• **What you should do**: For the material that follows, return exactly the lines from the one with "Aganmi Personalized Hanging" through the one with "Milk-Bone Brushing Chews", both ends included.

((

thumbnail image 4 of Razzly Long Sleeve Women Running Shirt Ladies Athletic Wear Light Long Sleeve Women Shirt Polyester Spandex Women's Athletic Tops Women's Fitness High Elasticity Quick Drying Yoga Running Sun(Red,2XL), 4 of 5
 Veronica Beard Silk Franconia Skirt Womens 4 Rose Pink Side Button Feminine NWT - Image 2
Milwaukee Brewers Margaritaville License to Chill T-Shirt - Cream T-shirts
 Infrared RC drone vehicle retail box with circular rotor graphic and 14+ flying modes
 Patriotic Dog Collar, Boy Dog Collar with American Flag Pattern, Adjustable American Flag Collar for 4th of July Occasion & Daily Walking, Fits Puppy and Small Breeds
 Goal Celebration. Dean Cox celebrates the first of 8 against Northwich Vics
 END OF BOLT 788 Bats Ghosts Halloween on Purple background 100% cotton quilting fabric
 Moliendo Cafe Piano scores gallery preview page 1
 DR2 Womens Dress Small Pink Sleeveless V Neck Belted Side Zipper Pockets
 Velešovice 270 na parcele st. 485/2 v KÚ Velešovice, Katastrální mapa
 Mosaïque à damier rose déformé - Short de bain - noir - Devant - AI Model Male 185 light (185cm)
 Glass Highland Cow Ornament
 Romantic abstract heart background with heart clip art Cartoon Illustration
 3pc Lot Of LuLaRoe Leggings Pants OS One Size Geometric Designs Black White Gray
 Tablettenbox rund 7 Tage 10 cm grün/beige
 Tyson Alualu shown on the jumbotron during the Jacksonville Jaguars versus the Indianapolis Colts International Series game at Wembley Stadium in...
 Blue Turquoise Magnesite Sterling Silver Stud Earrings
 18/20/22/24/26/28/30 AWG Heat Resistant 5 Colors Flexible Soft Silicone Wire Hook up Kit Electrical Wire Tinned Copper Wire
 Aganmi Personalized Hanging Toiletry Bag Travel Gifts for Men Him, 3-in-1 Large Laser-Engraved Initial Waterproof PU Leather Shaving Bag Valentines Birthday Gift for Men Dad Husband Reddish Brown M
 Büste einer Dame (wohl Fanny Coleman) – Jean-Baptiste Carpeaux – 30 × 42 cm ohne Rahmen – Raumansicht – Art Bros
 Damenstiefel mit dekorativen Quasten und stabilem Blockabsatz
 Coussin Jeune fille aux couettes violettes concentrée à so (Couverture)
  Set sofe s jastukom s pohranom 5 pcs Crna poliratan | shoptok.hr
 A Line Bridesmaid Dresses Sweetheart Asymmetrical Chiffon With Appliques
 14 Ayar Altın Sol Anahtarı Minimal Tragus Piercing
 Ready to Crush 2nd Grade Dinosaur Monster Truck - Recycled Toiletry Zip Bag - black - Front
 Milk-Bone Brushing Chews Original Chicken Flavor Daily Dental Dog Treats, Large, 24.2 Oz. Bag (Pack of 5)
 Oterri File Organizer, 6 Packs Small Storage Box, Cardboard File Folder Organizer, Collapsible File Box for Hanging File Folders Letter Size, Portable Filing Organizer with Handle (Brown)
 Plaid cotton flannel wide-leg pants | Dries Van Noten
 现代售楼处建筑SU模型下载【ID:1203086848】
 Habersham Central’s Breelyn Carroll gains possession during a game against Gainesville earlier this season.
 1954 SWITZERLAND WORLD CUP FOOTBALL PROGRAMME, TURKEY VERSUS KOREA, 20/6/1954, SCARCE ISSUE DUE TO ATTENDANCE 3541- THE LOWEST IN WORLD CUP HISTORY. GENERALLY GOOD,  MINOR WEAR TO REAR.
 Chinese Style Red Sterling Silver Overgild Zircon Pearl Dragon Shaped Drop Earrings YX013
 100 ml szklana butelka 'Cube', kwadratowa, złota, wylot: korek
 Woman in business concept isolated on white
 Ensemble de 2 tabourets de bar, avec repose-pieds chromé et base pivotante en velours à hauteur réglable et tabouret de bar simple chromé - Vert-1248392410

))

• **Expected answer**:
 Aganmi Personalized Hanging Toiletry Bag Travel Gifts for Men Him, 3-in-1 Large Laser-Engraved Initial Waterproof PU Leather Shaving Bag Valentines Birthday Gift for Men Dad Husband Reddish Brown M
 Büste einer Dame (wohl Fanny Coleman) – Jean-Baptiste Carpeaux – 30 × 42 cm ohne Rahmen – Raumansicht – Art Bros
 Damenstiefel mit dekorativen Quasten und stabilem Blockabsatz
 Coussin Jeune fille aux couettes violettes concentrée à so (Couverture)
  Set sofe s jastukom s pohranom 5 pcs Crna poliratan | shoptok.hr
 A Line Bridesmaid Dresses Sweetheart Asymmetrical Chiffon With Appliques
 14 Ayar Altın Sol Anahtarı Minimal Tragus Piercing
 Ready to Crush 2nd Grade Dinosaur Monster Truck - Recycled Toiletry Zip Bag - black - Front
 Milk-Bone Brushing Chews Original Chicken Flavor Daily Dental Dog Treats, Large, 24.2 Oz. Bag (Pack of 5)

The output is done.